The results of the audience poll for the request part of the “Narimichi Kawabata Fan Club Special Concert” in Tokyo on 29 November 2007. In groups B and C, Sarasate’s Zigeunerweisen and Bach’s Chaconne from the Partita in d minor were clear favourites (81 and 100 votes respectively). Paganini’s La Campanella (20 votes) led the field in group A. Kawabata obligingly played several more group A pieces than the ones marked with stars.

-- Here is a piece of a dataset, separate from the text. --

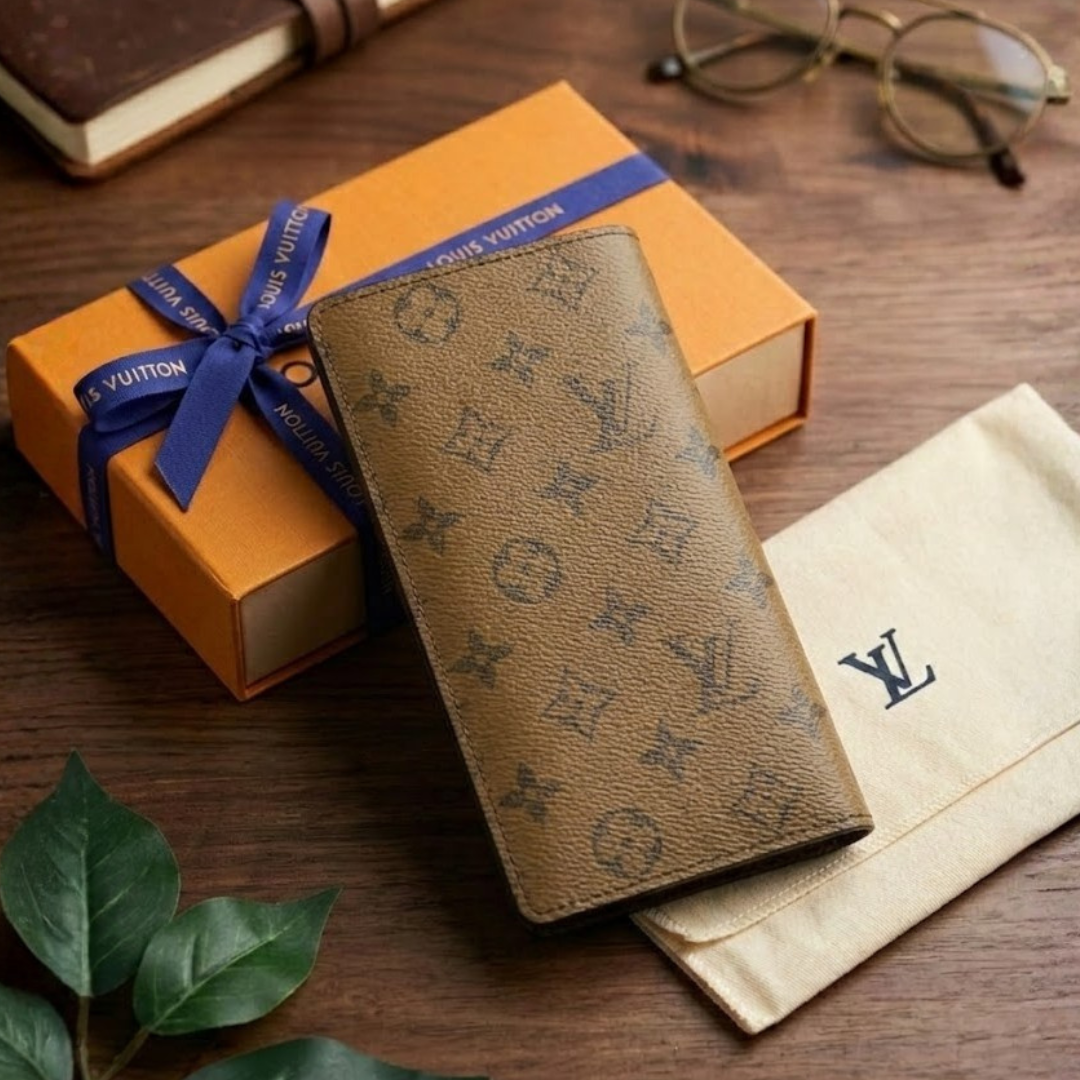 Premium LV Leather Men Bifold Long Wallet Brown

Several violinists of Japan have birthdays this month, including Etô Toshiya 江藤俊哉 (1927-2008) and Hirose Etsuko 広瀬悦子 (b. 1941) on 9/XI, Kubo Yôko 久保陽子 (b. 1943) on 12/XI, Yasunaga Tôru 安永徹 (b. 1951) on 14/XI, Tokunaga Tsugio 徳永二男 (b. 1946) on 20/XI and Kawabata Narimichi 川畠成道(b. 1971) on 21/XI. Tokunaga shares his birthday with Ignaz Schuppanzigh (1776-1830), whose string quartet introduced Beethoven’s and Schubert’s works to Viennese audiences.

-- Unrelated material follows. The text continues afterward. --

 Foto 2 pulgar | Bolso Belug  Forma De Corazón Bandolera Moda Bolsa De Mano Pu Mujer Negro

The Japanese violinists named here are treated in Not by Love Alone. Another “birthday violinist” mentioned in Not by Love Alone is Arabella Miho Steinbacher アラベラ・美歩・スタインバッハー (14/XI/ 1981), in my discussion of the question, who is a “Japanese violinist.” Born in Munich to a Japanese mother and a German father and raised in Germany, she impressed her interviewer with her fluent Japanese during a tour to Japan in 2010.